Griffiths, who took Latin for four years at his Jesuit high school in small-town Pennsylvania, now leads the Brooklyn school.
Brooklyn Latin is a replica version of Boston Latin, which is the country's oldest public school, founded in 1635.
Q: Why do you have students take Latin all four years of high school?
It’s a way of thinking, developing analytic skills in students like law school does. Also it’s the basis of our society, in terms of our government and culture, and it’s an opportunity for kids to look at a culture that is both very similar to and different than ours.
Q: What are your tenets?
Our goal is to provide a private school education in a public school setting and for public school students. So our curriculum is very challenging. Our freshmen, for example, take physics, math, English, history, Spanish, Latin and art history. We’re also an International Baccalaureate school — every class our students take as a junior and senior is a college-level.
Q: Who are your students?
We have students from all five boroughs; 40 percent are from Brooklyn, and 40 percent from Queens.

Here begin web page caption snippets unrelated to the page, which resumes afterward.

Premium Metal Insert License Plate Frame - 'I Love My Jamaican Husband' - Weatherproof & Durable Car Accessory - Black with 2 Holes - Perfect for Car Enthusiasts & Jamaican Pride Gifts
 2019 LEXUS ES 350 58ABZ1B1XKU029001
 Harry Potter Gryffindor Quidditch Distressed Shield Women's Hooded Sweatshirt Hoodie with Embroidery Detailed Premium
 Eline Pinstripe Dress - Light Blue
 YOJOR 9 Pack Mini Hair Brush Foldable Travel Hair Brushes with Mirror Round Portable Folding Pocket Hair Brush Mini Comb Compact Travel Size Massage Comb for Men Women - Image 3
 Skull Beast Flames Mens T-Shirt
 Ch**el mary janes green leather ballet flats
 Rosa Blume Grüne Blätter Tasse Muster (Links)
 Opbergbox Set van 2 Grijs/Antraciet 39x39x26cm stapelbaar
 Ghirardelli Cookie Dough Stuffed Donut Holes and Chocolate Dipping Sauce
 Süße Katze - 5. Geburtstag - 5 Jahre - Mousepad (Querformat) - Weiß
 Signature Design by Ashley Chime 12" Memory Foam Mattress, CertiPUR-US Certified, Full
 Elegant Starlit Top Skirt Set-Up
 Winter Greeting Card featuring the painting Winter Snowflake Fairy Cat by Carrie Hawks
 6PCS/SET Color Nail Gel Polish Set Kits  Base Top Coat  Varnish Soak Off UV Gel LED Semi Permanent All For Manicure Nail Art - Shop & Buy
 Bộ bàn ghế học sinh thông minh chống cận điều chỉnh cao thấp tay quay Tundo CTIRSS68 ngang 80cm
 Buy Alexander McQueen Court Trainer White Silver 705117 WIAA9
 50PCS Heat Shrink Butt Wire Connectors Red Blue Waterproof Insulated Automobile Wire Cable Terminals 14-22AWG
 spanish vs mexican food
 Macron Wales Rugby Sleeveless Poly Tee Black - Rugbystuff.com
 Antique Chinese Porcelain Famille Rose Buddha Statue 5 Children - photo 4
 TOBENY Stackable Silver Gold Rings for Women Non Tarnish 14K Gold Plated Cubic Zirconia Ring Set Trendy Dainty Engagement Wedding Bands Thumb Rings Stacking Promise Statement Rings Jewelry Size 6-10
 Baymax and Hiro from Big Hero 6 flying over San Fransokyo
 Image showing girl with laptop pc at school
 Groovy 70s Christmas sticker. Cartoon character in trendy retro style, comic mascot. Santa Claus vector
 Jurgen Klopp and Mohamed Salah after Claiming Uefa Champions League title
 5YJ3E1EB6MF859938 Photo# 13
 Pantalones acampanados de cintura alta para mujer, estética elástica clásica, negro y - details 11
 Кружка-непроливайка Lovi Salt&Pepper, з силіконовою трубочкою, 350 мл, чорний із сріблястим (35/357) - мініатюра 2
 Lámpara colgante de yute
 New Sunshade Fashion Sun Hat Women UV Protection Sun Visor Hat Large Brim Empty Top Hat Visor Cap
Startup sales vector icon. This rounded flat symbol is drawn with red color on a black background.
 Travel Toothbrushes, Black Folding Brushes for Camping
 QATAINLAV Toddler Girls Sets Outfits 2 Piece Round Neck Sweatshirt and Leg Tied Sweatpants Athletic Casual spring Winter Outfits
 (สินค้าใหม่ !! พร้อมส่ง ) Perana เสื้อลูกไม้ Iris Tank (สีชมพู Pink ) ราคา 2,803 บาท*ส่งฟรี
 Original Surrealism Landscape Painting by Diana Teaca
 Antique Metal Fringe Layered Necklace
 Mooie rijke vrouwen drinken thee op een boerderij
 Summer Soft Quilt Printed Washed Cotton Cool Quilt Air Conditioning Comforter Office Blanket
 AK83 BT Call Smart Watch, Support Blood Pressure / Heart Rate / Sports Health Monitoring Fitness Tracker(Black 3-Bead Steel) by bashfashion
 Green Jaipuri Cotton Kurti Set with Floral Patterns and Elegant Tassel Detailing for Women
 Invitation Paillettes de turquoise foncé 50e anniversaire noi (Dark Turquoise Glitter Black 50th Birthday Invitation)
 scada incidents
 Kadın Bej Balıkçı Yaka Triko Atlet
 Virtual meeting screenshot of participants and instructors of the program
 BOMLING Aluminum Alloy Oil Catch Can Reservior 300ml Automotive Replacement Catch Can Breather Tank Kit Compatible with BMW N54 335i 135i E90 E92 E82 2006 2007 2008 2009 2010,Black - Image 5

Eighty-six percent of our student body is non-white and nearly 70 percent receive free and reduced lunch. We have a large number of immigrants that come to our school and our traditional culture is one that speaks to immigrant families.
Q: Do you think your model could be implemented in all public schools?
I don’t think so. The model we're offering is what some families want. We’re very clear about who we are and what we believe in, but it's not for everyone. One of the great things about New York is there's such a rich diversity of students and beliefs.
Q: Who is the right student for your school?
For us it's someone who wants to engage in intellectual work and gains happiness from that, from putting forth a lot of effort. Many families don't believe in their kids' wearing a uniform, so this school isn't for them. We require three hours of homework a night, and there are things we do that are creative, but we are not a creative school. So if a student is really into the arts, this school is not for them.
Q: Were you a good student growing up?
I was — always diligent, disciplined, and worked really hard. When I got home from school the first thing I did was my homework. I have my mother to thank for that. But I laugh now because our seniors in May can be really tough. I was a good student until April or May, and for a while I stopped. I feel like I’m paying for that now with our seniors.
Q: Did you have a favorite subject?
I loved Latin and history. My freshman teacher was really tough and I really responded well. He was that teacher that everyone was afraid of because he was so tough.
Q: Would you open another Latin school?
No. We have too much work to do to become a better school and I think we could spend the next 30 years doing that.
Q: How do you feel about being co-located (with P.S. 147 elementary)?
Its just a reality here in New York City. Everyone wishes they had their own building. When our students walk into the first floor and there are a bunch of elementary students, it's harder for them to have pride in their school. We don’t have a gymnasium, a proper auditorium, art studio and we’re competing for college spots against students that go to other specialized schools with those facilities. So we're in constant discussions about a way to find our own space.
Q: Why does your school use the term "headmaster" to describe the principal?
We got the term from Boston Latin's term for their leader. It's a term, a little more traditional, and frames the principal more as an intellectual or curriculum leader.